Student’s photography leads to career developing opportunities
With a simple press of a button and a shutter closing, a memory can be captured for a lifetime.
Recently OSU’s ‘Go Pokes’ magazine needed a professional sports portrait of senior Marcell Ateman. Junior Lindsay Bain was the first to be recommended for the job by her yearbook adviser Casi Thedford.
“I knew Lindsay could give them exactly what they were looking for,” Thedford said.
Bain got straight to work. Instead of just showing up for the shoot, she met with Ateman, researched poses online and shared with him the photos she took on sight to get his input.
“She’s always very professional,” Thedford said. “I actually came to know her through her mom, who I met when I was getting my hair done. Her mom showed me some of her pictures and I knew I had to have her on my yearbook staff.”
Bain didn’t start out receiving assignments for universities, taking photos at every football game and working on the school yearbook. At the age of five, Bain had picked up a camera and began her journey.
Bain is completely self-taught, other than a critic whom gives her advice from time to time.
“I never really had a mentor,” Bain said. “Teaching myself turned out to be more rewarding than following someone else’s direction. I knew I wasn’t just copying other people’s work.”
In eighth grade Bain started to take action shots of her teammates and everything started to quickly progress from there.
“I decided I’d expand my pictures to outdoor portraits of other people,” Bain said. “They turned out really well so I’ve been working to get better at it ever since.”
Once other people took notice of her work, business started to roll in.

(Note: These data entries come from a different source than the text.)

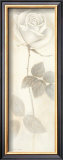 Armonia con Sentimento Posters by Vivien White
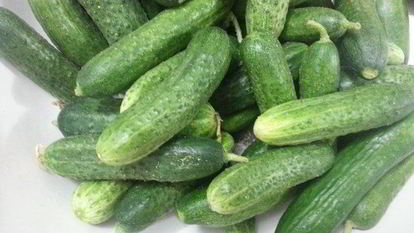 Рецепт Хрустящих малосольных огурцов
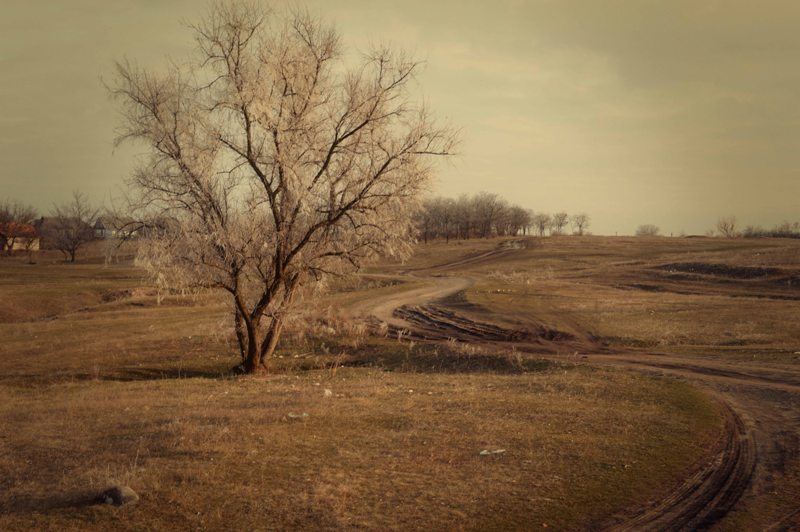 Фотографія Пейзаж / Елена Михайленко / photographers.ua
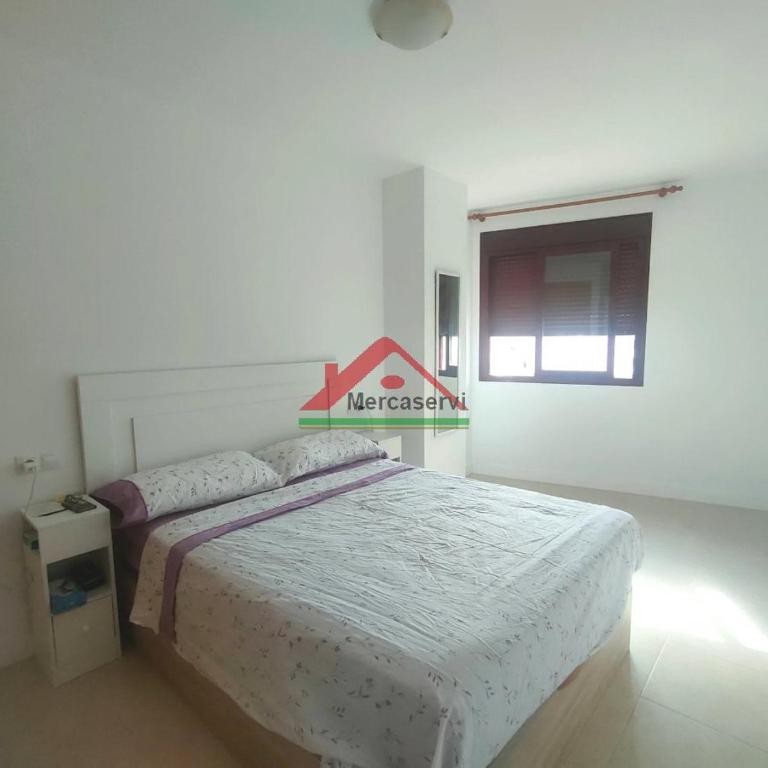 Capitol 5 - Appartement 1 Chambre - 3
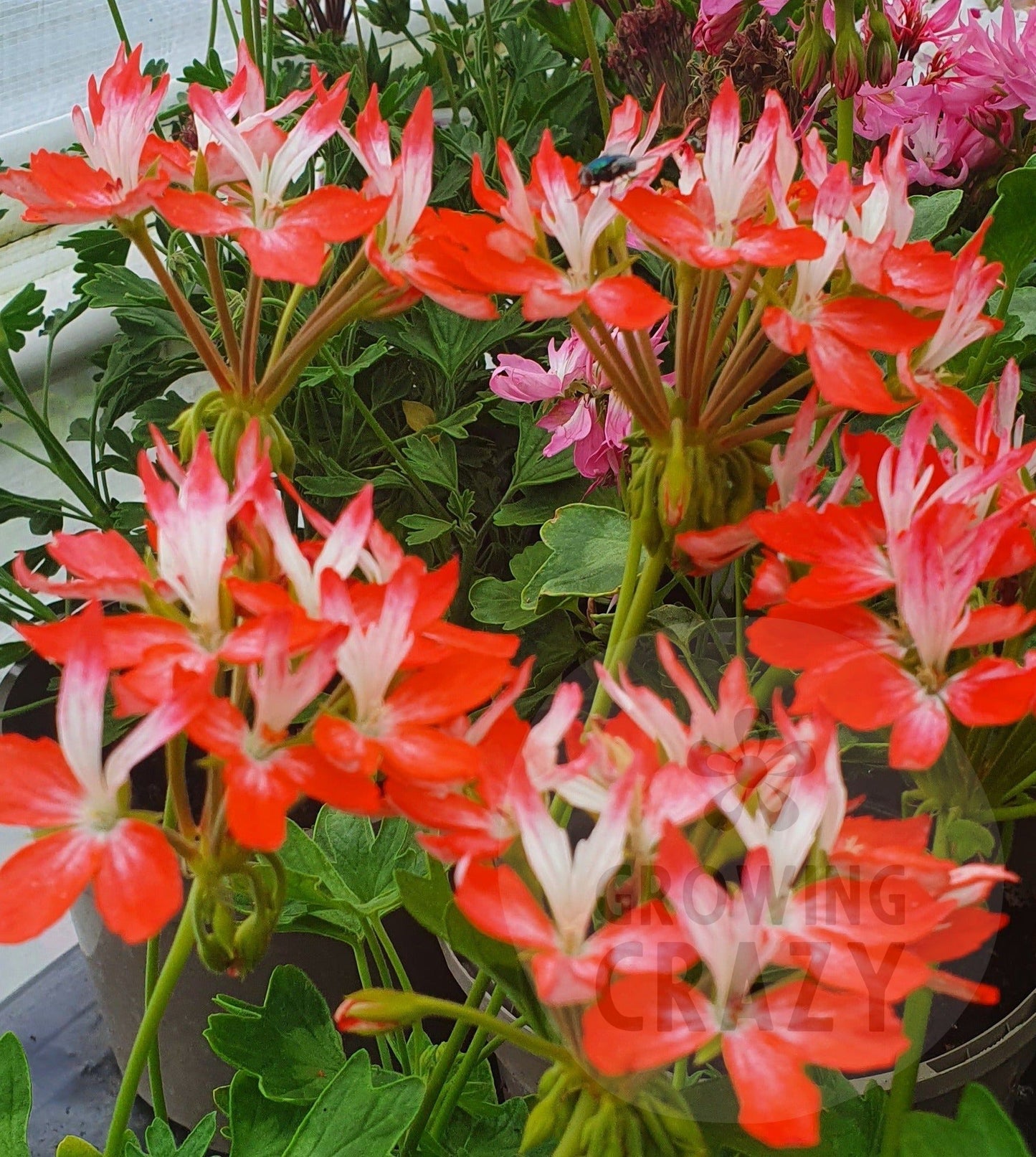 Tangerine Elf is a particularly striking Stellar Pelargonium plant as it produces bursts of flowers of two-tone petals coloured orange and white.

Bain was soon being paid to do something she loved.
“I started it as just a fun hobby,” Bain said. “Soon enough people started to ask how much I charged. I like to take portraits, but it’s weird accepting money because I wouldn’t consider myself a professional when I really just do it for fun.”
Although Bain enjoys photography, she doesn’t plan on making it into a lifelong career.
“I would like to go to the University of Florida for forensic science and golf,” Bain said. “I’d rather just keep photography as a hobby, even though I’ve been told that I should go to college for it.”
Currently, Bain has a paid plane ticket to shoot a wedding in Indiana.
“I’ve always loved taking pictures, I feel like pictures are a visual memory worth remembering,” Bain said.